Lesson: PostgreSQL is a solid choice for most cases. Don’t underestimate how far a well-configured relational database can go.
If you chose Option B
MongoDB works well at first. At month 3, you discover that aggregation queries with multiple filters are slower than expected. The flexible schema caused data inconsistencies because different parts of the team stored documents with slightly different structures.
Lesson: Schema flexibility is a double-edged sword. Without discipline, it creates technical debt. MongoDB shines when the data model is genuinely hierarchical.
If you chose Option C
The combination works very well for reads. But at month 2, you discover cache invalidation bugs: some users see stale data after updates. You implement an event-based invalidation system and the problem is solved, but operational complexity increased significantly.
Lesson: Adding a cache solves performance problems but introduces consistency problems. Only add a cache when you truly need it, not “just in case.”
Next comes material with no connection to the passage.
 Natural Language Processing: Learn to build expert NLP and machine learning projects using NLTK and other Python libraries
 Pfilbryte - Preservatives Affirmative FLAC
Scenario 3: The external service that fails
Context
Your payments service depends on an external provider (Stripe). Over the last few weeks, Stripe has had 3 availability incidents that affected your users. The product team wants payments to “never fail.”
Options
Option A: Add a second provider (PayPal) as a fallback
- You duplicate the payment integration
- If Stripe fails, redirect to PayPal automatically
- Higher complexity in reconciliation
Option B: Implement a retry queue
- Failed payments go to a queue
- They’re retried automatically with exponential backoff
- The user is notified when the payment goes through
Option C: Circuit breaker + graceful degradation
- Detect Stripe failures quickly
- Show the user a clear message and offer to retry later
- Save the attempt to process it once Stripe recovers
Consequences
If you chose Option A
It works, but reconciliation across two providers is complex. Some payments are processed on Stripe and others on PayPal, which complicates financial reporting. On top of that, PayPal has its own failure rate — it’s not immune. At month 3, you have a more resilient system but one that’s significantly more complex to operate.
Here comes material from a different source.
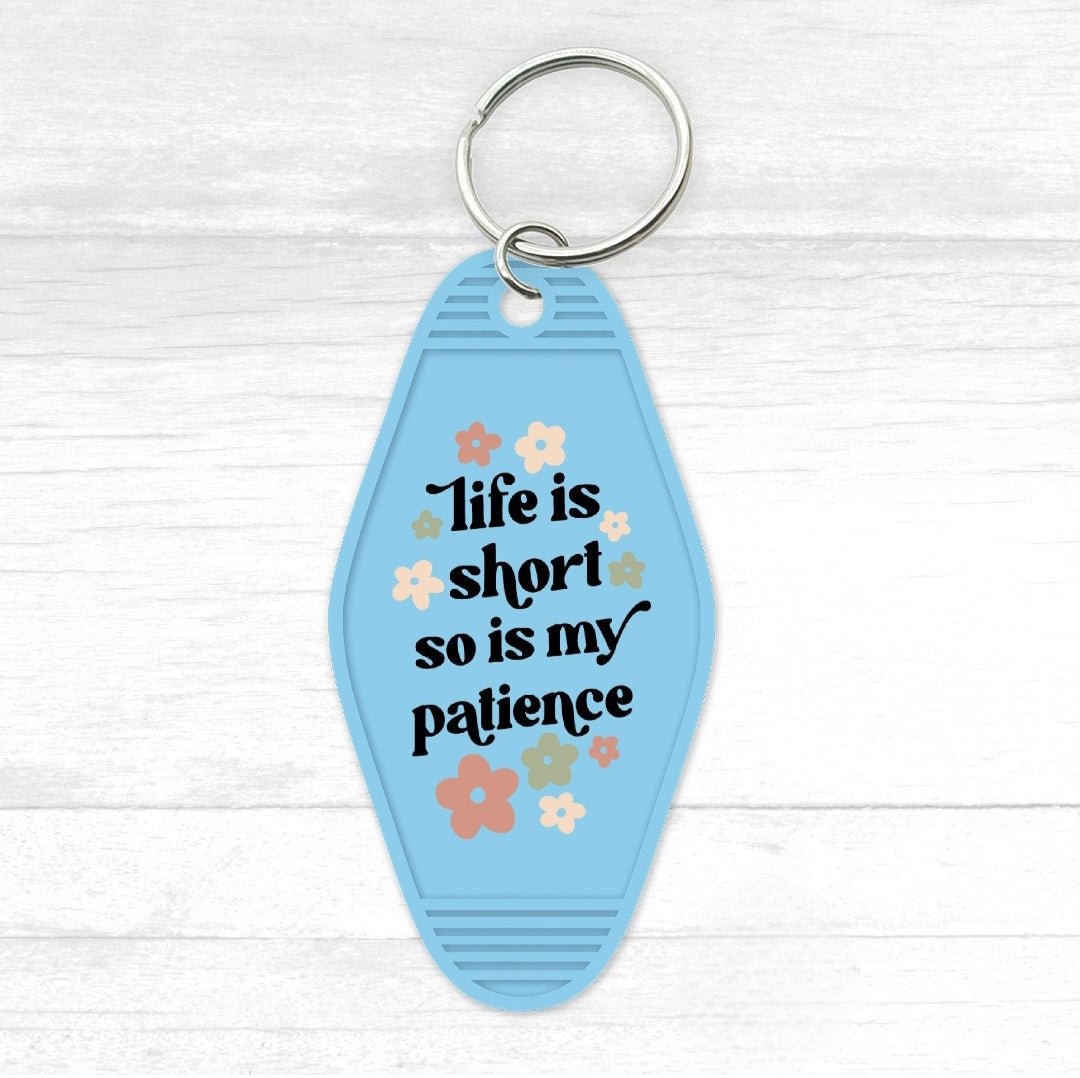Life Is Short Motel Keychain - CGS. Creations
Lesson: Multiple providers increase availability but multiply complexity. Weigh whether the operational cost justifies the improvement in availability.
If you chose Option B
Automatic retries resolve 90% of transient failures. But you discover a problem: some payments are processed twice because the retry arrives when Stripe had already processed the first one (but responded with a timeout). You implement idempotency with unique keys and the problem is solved.
Lesson: Retries without idempotency are dangerous. Always implement idempotency before implementing automatic retries.
If you chose Option C
The circuit breaker detects failures within seconds and stops sending requests to Stripe. Users see a clear message: “The payment system is temporarily unavailable. Your cart is saved — you can complete the purchase later.” The experience isn’t perfect, but it’s honest and doesn’t create frustration.
Lesson: Sometimes the best response to a failure is to be transparent with the user. Not every problem requires a complex technical solution.
Final reflection
After completing the scenarios, reflect:
- Did you tend to choose the most complex option or the simplest one?
- Did you consider the constraints (time, team, budget) or only the technical requirements?
- Would you change any decision knowing the consequences?
- What pattern do you see in your decisions? Are you conservative or a risk-taker?
The best architectural decisions aren’t the most sophisticated ones — they’re the ones that best fit the real context of the project.